茨城県北茨城市大津町で5月2、3日に開かれる5年に1度の大祭「常陸大津の御船祭」に向け、同祭保存会のメンバーらが21日、祭事船を滑らせるため路上に敷く「ソロバン」作りや町内にのぼりを掲げる旗柱の組み立てなどの作業を行った。
同祭は地元の佐波波地祇(さわわちぎ)神社の祭礼で約300年前から伝わる。豊漁や海上安全を祈願し、みこしを載せた大型の木造船を人力で引いて陸上を巡行する。
同日は保存会のメンバーが朝から集まり、それぞれ祭りの準備に当たった。ソロバンは木材を井桁状に組んだ道具で、長さ約1.5メートル、幅約60センチ。ソロバン係のメンバーらは、カシやサクラの木の棒を手際よく組み、くさびを打って固定した。
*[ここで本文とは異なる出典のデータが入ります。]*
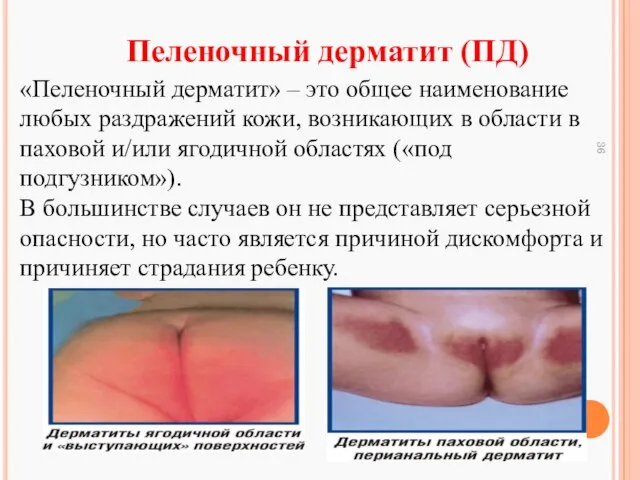 Пеленочный дерматит (ПД) «Пеленочный дерматит» – это общее наименование любых раздражений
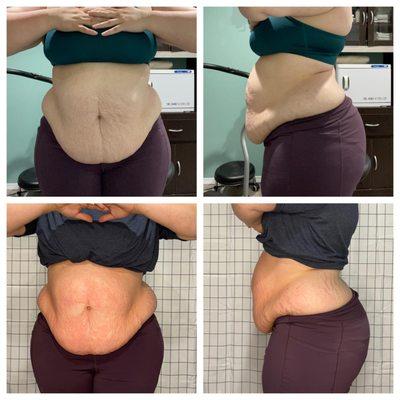 Use CryoSculpting on your stomach to help tighten skin!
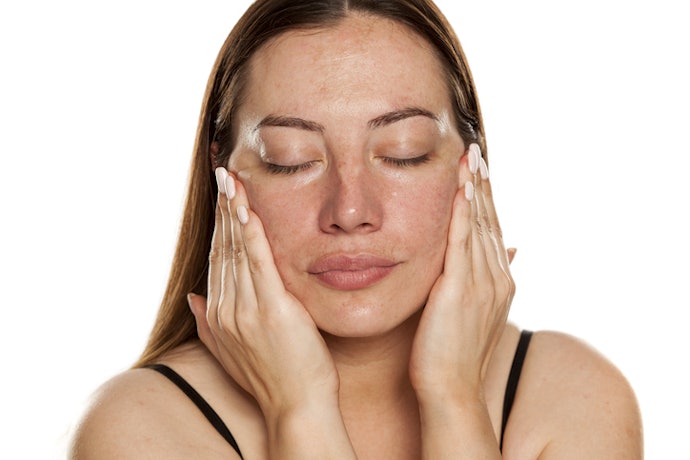 O que Fazer para Potencializar o Tratamento com o Creme para Melasma?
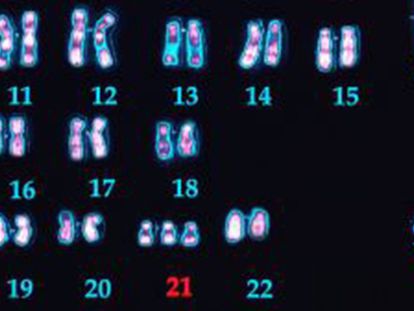 Cromosomas de un varón con síndrome de Down donde se ven las tres copias del 21.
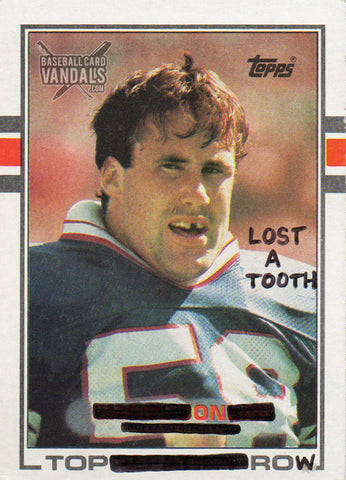 Lost A Tooth On Top Row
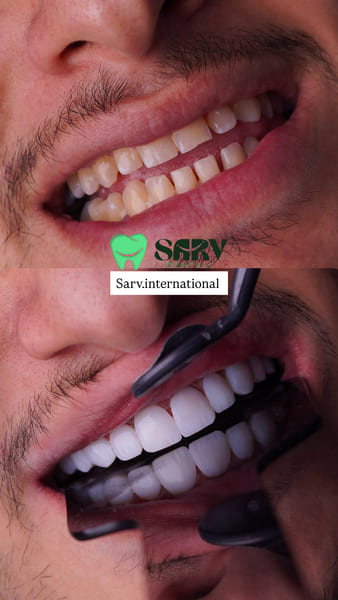 رایج‌ترین اشتباهات هنگام انتخاب کامپوزیت آلمانی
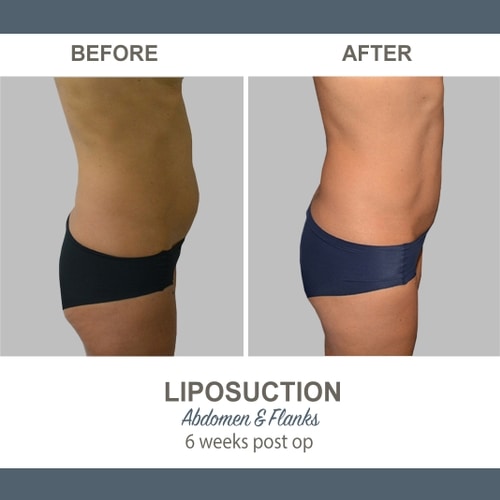 Liposuction Before and After Photos 20 Abdomen and Flanks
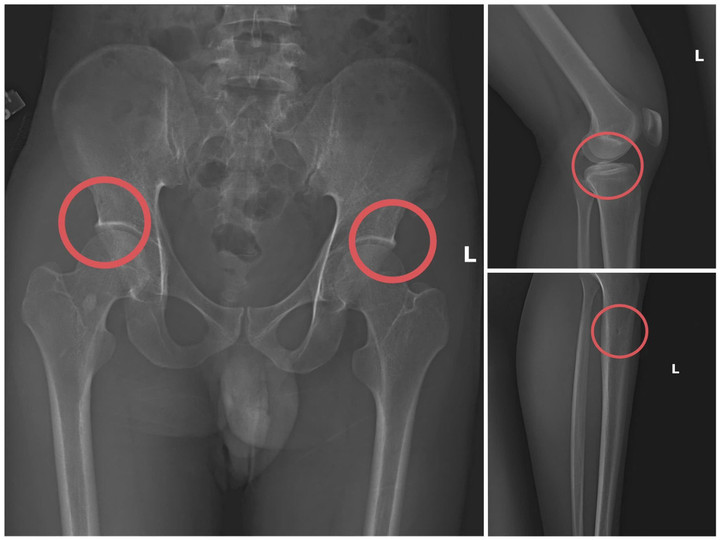 Cựu nhân viên y tế đục vỡ xương trục lợi bảo hiểm: Thủ đoạn tàn nhẫn, bất nhân- Ảnh 2.
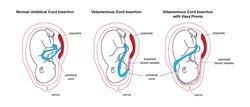 Velamentous Cord Insertion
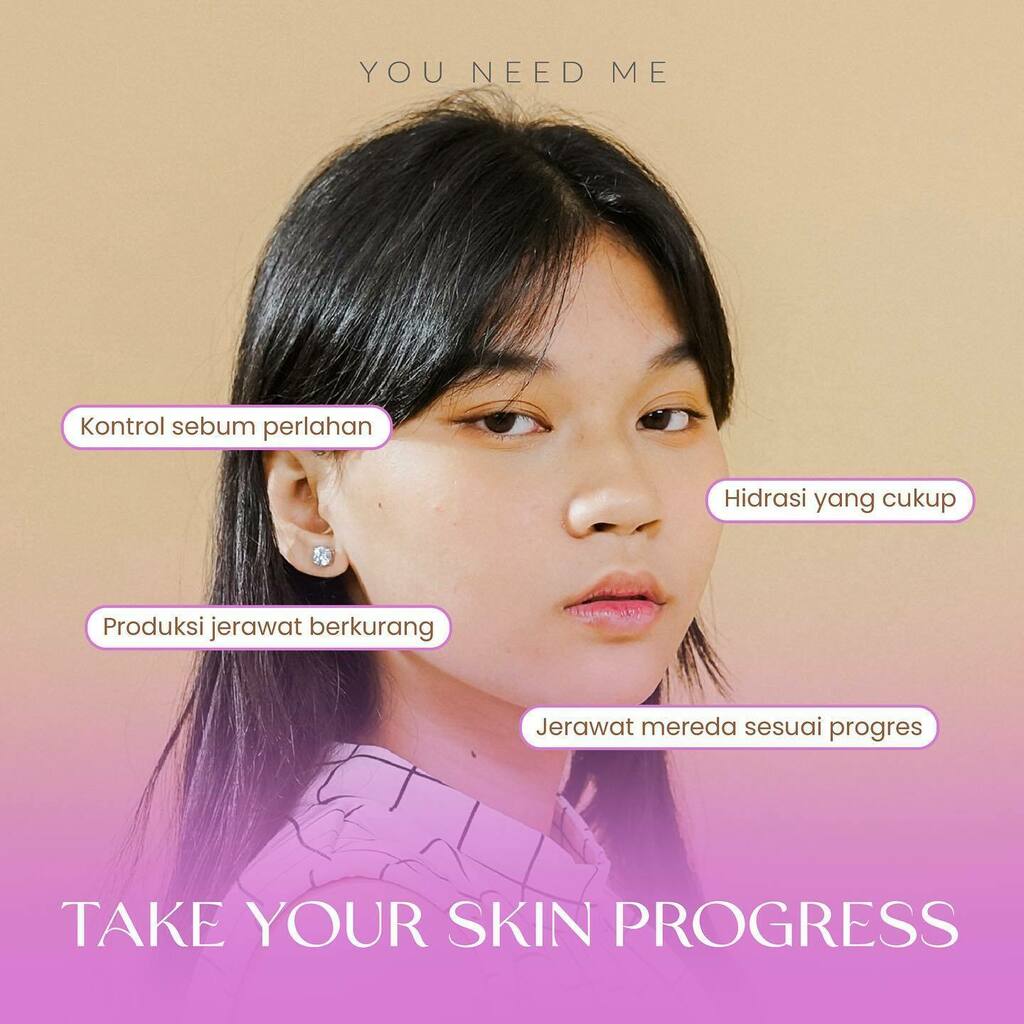 youneedme_id's tweet photo. ✨ PROSES ITU NENTUIN HASIL ✨
Siapa yang nyuruh kamu cepet” cantik, cepet” glowing, cepet” langsing, cepet” baik, cepet” happy

😙bestieeee take your time, dealing with your progress, and enjoy every step

Kita seringkali terkungkung sama stigma kalau semua itu harus cepet. Pa… https://t.co/7I0tEU9jJS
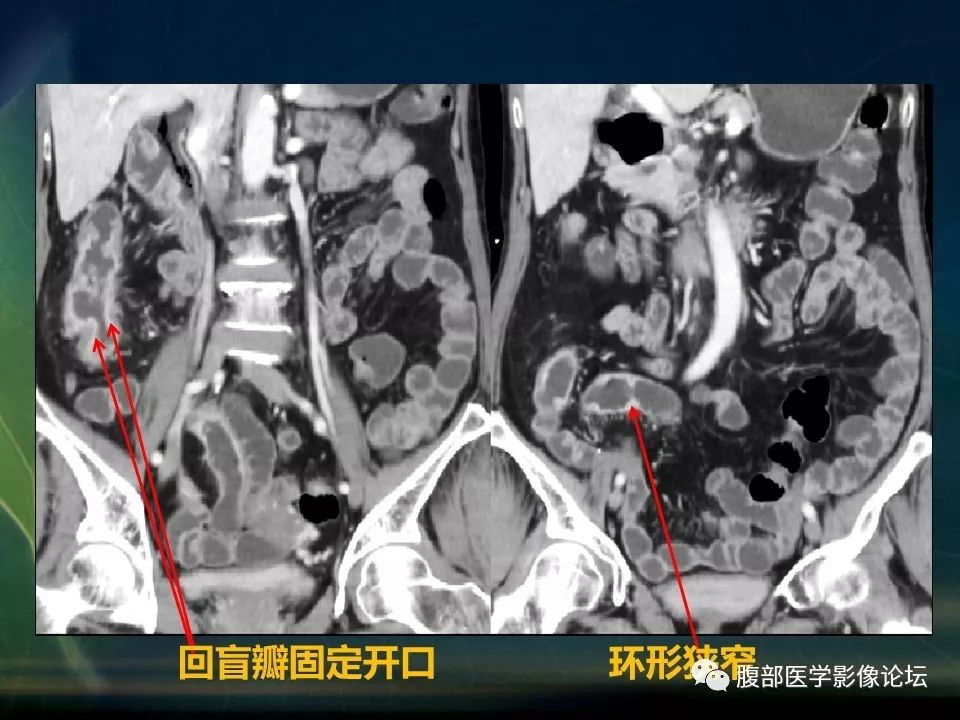 【PPT】小肠疾病读片—克罗恩病、肠结核、溃疡性结肠炎鉴别诊断
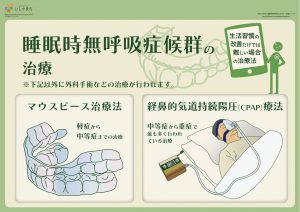 マウスピース療法/経鼻的気道持続陽圧（CPAP）療法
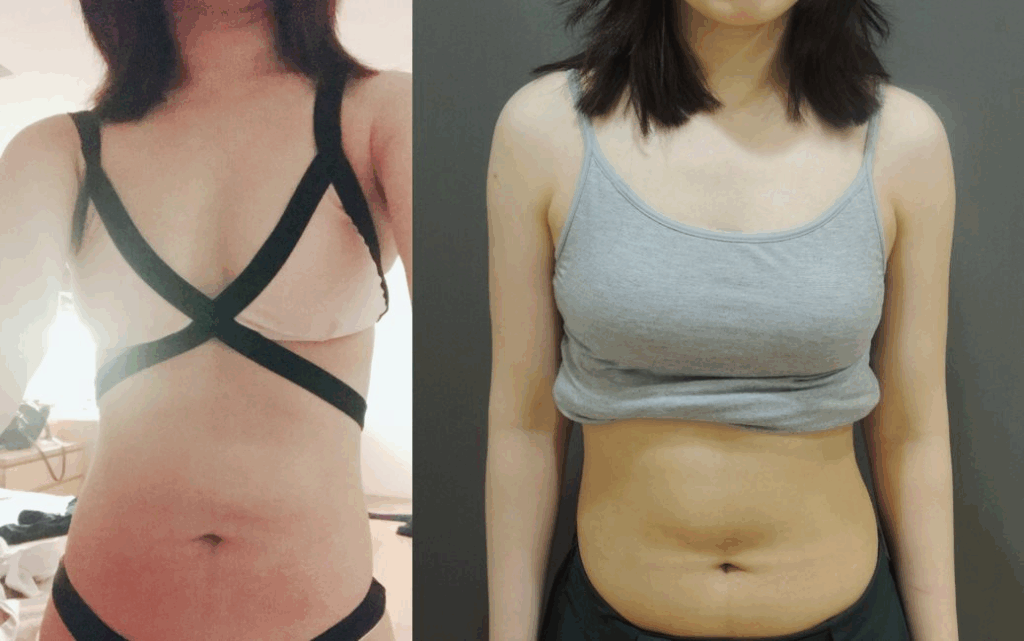 更多自體脂肪隆乳術後實拍4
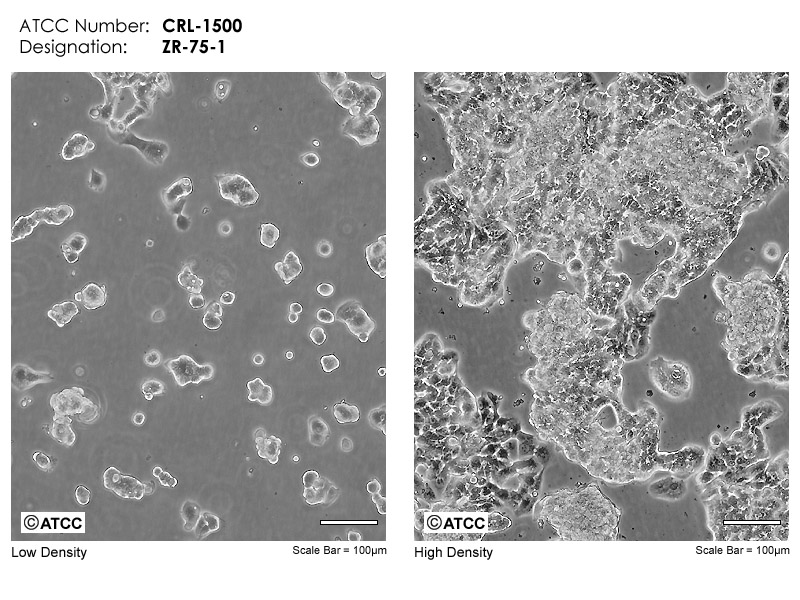 ZR-75-1细胞图片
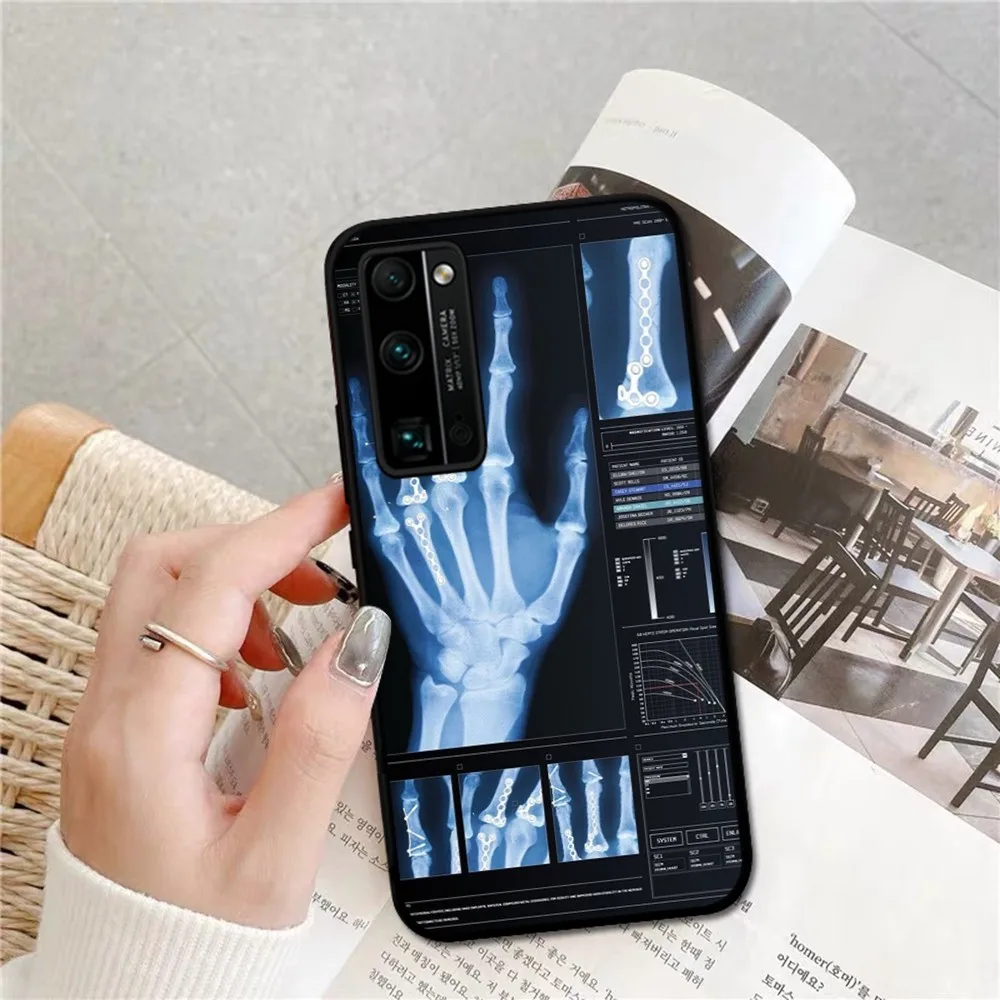 Radiological human organs Skeleton Phone Case For Huawei Honor 10 lite 9 20 7A 9X 30 50 60 70 pro plus Soft Silicone Cover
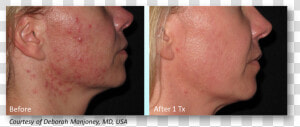 Manjoney   Infini Acne Scars Before And After  HD Png Download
今回の祭りにはソロバン約400個を使い、うち約80個を作ったという。
祭事船が通る道沿いの2カ所では、クレーン車を使って、木の旗柱(約15メートル)を埋め込み用の溝に設置。祭りに向けてのぼりが掲げられた。同市関南町仁井田の市漁業歴史資料館「よう・そろー」では祭事船の飾り付けも行われた。
ソロバン係の長を務める鐵庄一郎さん(47)は「しっかりと段取りして本番を成功させたい。町が盛り返し、みんなで『やって良かった』と言えるような祭りにしたい」と意気込んだ。